Dec 18, 2021
NIAGARA, Wis. — Each year at this time I find myself very thankful for simple things: a roof over my head as it is snowing outside, food on the table, good health, friends and family, and time to enjoy and appreciate life. My thoughts turn more often to those not as fortunate as I am; specifically, to the homeless and those who suffer from housing insufficiency.
Last week I talked about the importance of building traditions. How does one form traditions when something as basic as adequate shelter is lacking? And why does the problem of homelessness still exist in our country with its reputation for plenty? How can we best help solve what seems to be a growing challenge, and why is it a problem that persists?
First, I think our country needs a bit of an attitude adjustment. Too many of us are too quick to pass judgment on a situation we fail to fully comprehend or appreciate. We consider homelessness to be a failure on the part of the individual homeless person; we do not pause to even consider it as a failure of our society as a whole.

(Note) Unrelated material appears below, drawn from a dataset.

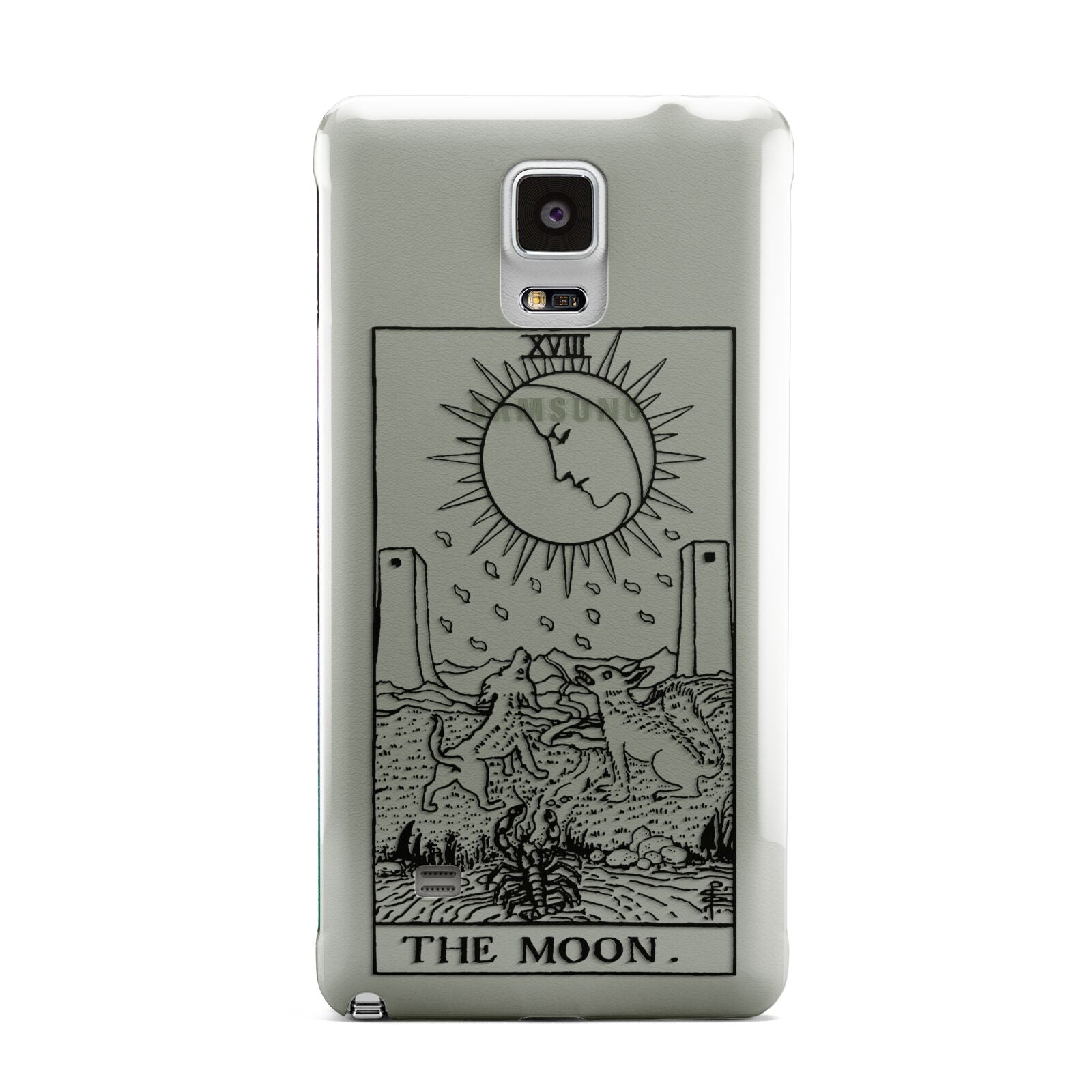The Moon Monochrome Samsung Galaxy Note 4 Case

There are so many reasons why people — and entire families — find themselves sleeping in their cars or on the street in makeshift shelters. The gentrification of neighborhoods has sent housing costs out of reach for many in our country.

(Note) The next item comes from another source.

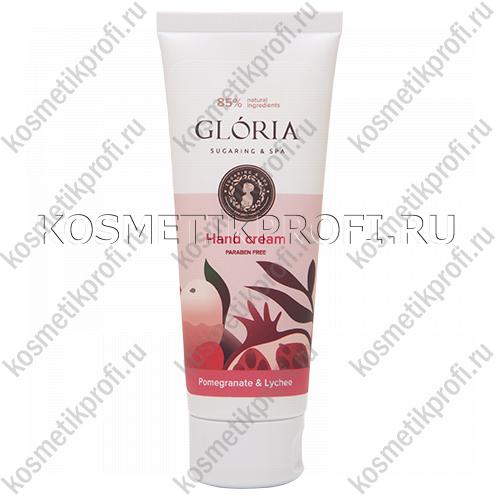 Крем для рук "Дамасский гранат и личи" GLORIA, 75 мл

Lack of affordable senior housing, the loss of publicly funded mental health services that once existed decades ago, and the need for parents to work multiple jobs to cover expenses in combination with the inability to afford child care all contribute to homelessness. This issue is much more complex than simply approaching it with the attitude that “I found a way to support myself so why can’t they? ‘They’ are not my problem.”
I recently saw a segment on “CBS Sunday Morning” that addressed the problem of homelessness through the lens of two retired police officers who decided to do what they could to help. Throughout their working years, they’d had a great deal of experience with the consequences of homelessness in young people. Lacking adequate shelter, they were also missing the very basic lessons learned in a stable home environment, which included the traits that were needed to hold down a job.
The retired officer being interviewed was quick to point out that the kids were not lazy. They simply did not know how to apply for a job, how to dress for an interview, how to show up on time, or how to work as part of a team. Why? Because when a person is homeless, all of their energies every waking moment of each day are consumed with basic survival — food, shelter and safety.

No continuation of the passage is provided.